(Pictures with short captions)
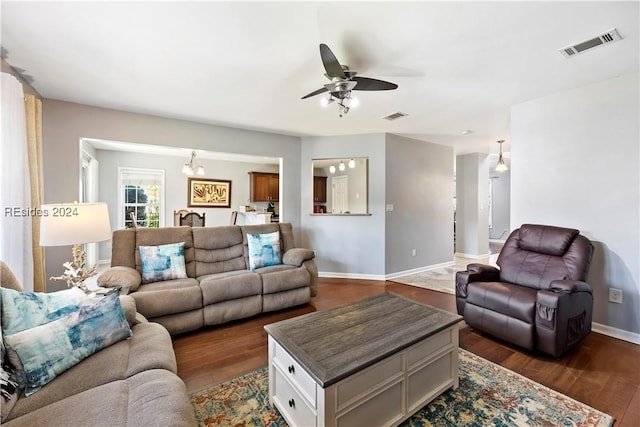 living room featuring dark wood-type flooring and ceiling fan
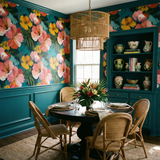 Painter’s Orchard Wallpaper with floral pattern, complementing green wainscoting and a rattan chandelier in a dining room setting.
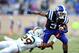 DURHAM, NC - NOVEMBER 16: Corn Elder #29 of the Miami Hurricanes makes a diving tackle to stop Jamison Crowder #3 of the Duke Blue Devils during play at Wallace Wade Stadium on November 16, 2013 in Durham, North Carolina. (Photo by Grant Halverson/Getty Images)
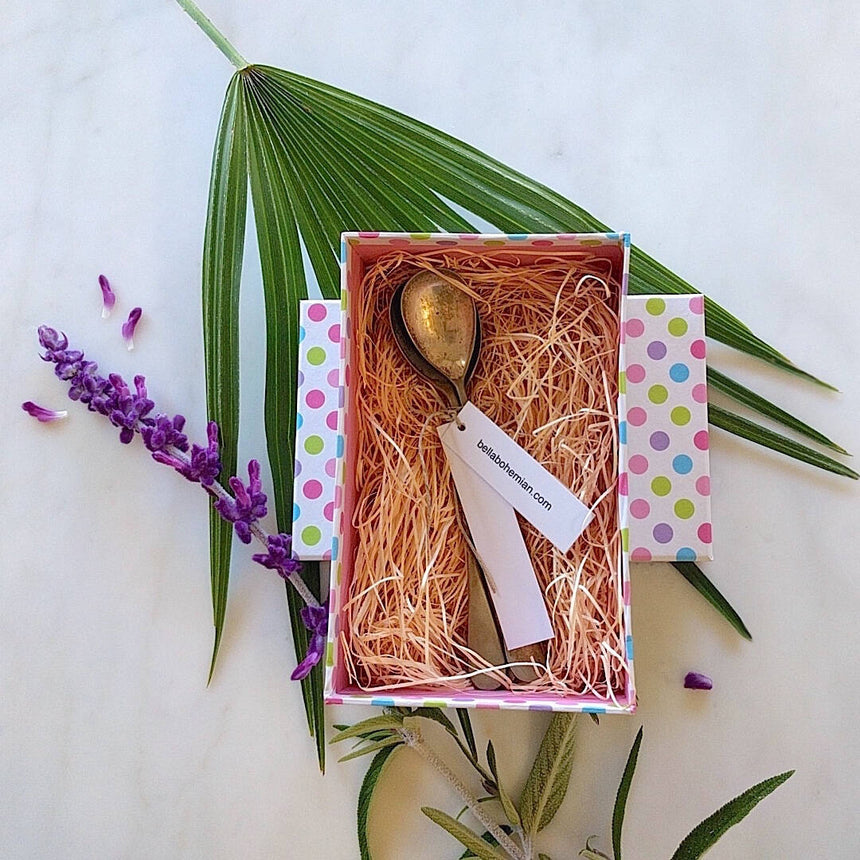 antique silver plated teaspoons from 1930s shown inside open gift box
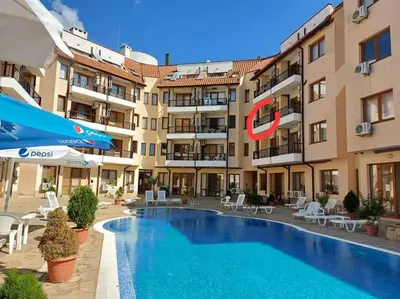 a hotel with a swimming pool in front of a building at Apartment Oasis A4 Kamchia in Bliznatsi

TASK OBJECTIVE —
The records above need to be restated word for word, with the pictures left out.

PROBLEM SOLUTION —
 living room featuring dark wood-type flooring and ceiling fan
 Painter’s Orchard Wallpaper with floral pattern, complementing green wainscoting and a rattan chandelier in a dining room setting.
 DURHAM, NC - NOVEMBER 16: Corn Elder #29 of the Miami Hurricanes makes a diving tackle to stop Jamison Crowder #3 of the Duke Blue Devils during play at Wallace Wade Stadium on November 16, 2013 in Durham, North Carolina. (Photo by Grant Halverson/Getty Images)
 antique silver plated teaspoons from 1930s shown inside open gift box
 a hotel with a swimming pool in front of a building at Apartment Oasis A4 Kamchia in Bliznatsi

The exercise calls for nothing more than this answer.